"You've all heard the story. One day a group of drag queens in New York got sick and tired of being sick and tiredsick of police harassment, tired of legalized homophobia. And that's how we got the Stonewall riots. But … Sylvia Rivera, the co-founder [with Black transgender activist Marsha P. Johnson] of Street Transvestite Action Revolutionaries ( STAR ) [in 1971]… [said,] 'All of us were working for so many movements at the time … the women's movement, the peace movement, the civil-rights movement. We were all radicals. I believe that's what brought it around.'"
This quotefrom Roderick "Rod" Ferguson, a University of Illinois at Chicago's ( UIC ) African-American, gender and women's studies professor was one of the many points made about the intersectional beginnings of queer liberation during his April 23 keynote address, "Street Transvestite Action Revolutionaries and the Intersectional History of Gay Liberation," at the sixth-annual, daylong Engendering Change conference at UIC.
Engendering Change provides graduate students at UIC, Northwestern University and the University of Chicago the opportunity to present their work, network and get feedback from faculty and other graduate students. The conference rotates between the three universities.

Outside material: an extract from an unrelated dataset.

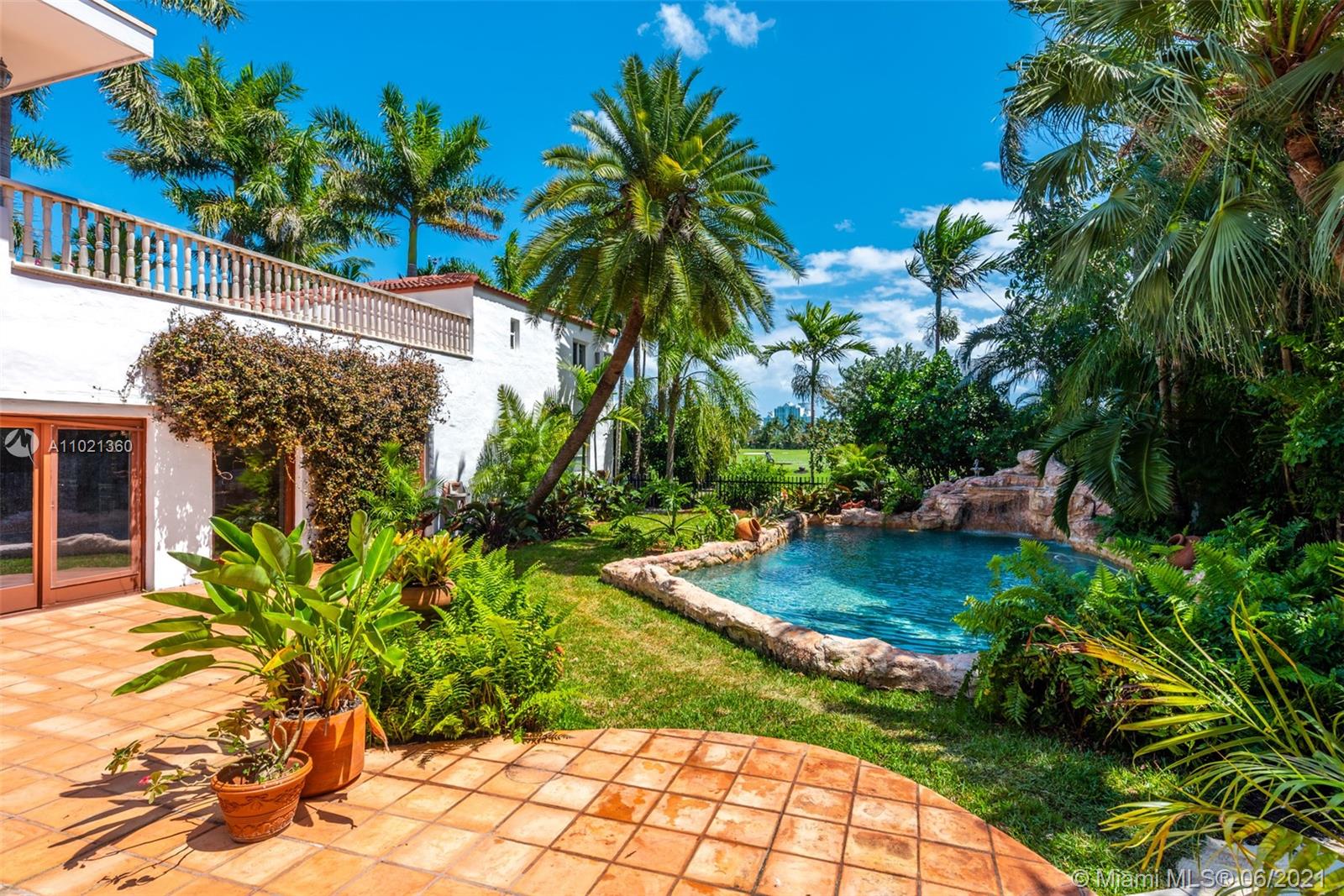 5767 Alton Road Miami Beach, FL 33140 - Photo 58 of 81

Ferguson spoke about the need to view the Stonewall Riots through Rivera's eyes, as an event centered around transgender women who were "tempered in a variety of progressive struggles … and what happened that night was not simply about confining queer and trans liberation to the narrow parameters of single-issue politics but connecting that struggle to the network of insurrections, … [including] the feminist, anti-capitalist, anti-racist and anti-war movements."

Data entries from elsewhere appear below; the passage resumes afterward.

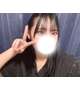 3日目〜！🌸💞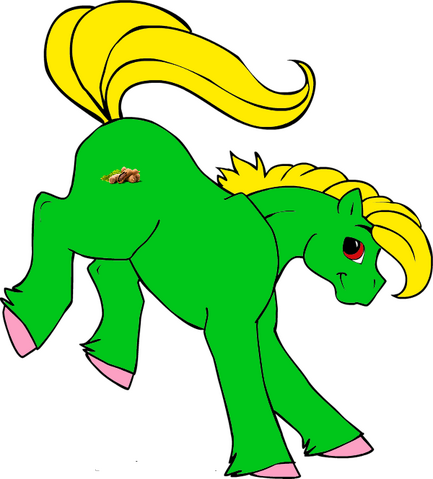 Archivo:Dana Tamarind.png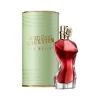 La Belle Eau de Parfum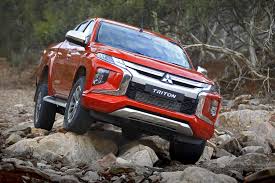We did not find results for: 5 Perkara Anda Perlu Tahu Tentang Mitsubishi Triton 2019 Masuk Malaysia Tahun Depan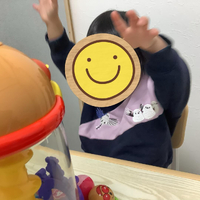 画像303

In speaking about STAR, later renamed Street Transgender Action Revolutionaries, Ferguson said its origins can be traced to an earlier three-day sit-in that Rivera and Johnson participated in with the Gay Liberation Front at New York University's ( NYU ) Weinstein Hall after the university barred the student-group Gay Activist Alliance and the non-student organization The Christopher Street Liberation Day Committee from holding any more gay social functions in the hall.
"STAR arose out of a dialogue between social struggles, one involving the communities within an academic institution and the communities outside who adopted a vision for that institution despite the fact that they were external to it … De-normalizing NYU for the good of queer and trans students was at its heart an effort to reconfigure institutional space," said Ferguson.
STAR, Ferguson noted, was founded to help transgender women who relied on sex work for survival as well as a way to combat poverty, homelessness and police violence. He explained that Rivera and Johnson snuck people into their rooms so they would have a place to sleep.
"As STAR's emphasis on anti-poverty and anti-police violence shows, politicizing transgender modes of social difference meant putting those differences in conversation with other struggles," said Ferguson. "…Intersectionality is not simply denoted through the commingling of race, gender, sexual and class differences … it illuminates social struggles that are implicitly and consciously overlapping, to demonstrate that single-issue models and frameworks that separate one social difference from another are analytical fictions at best."
A Q&A session followed Ferguson's remarks.
Next year's conference will take place at Northwestern University.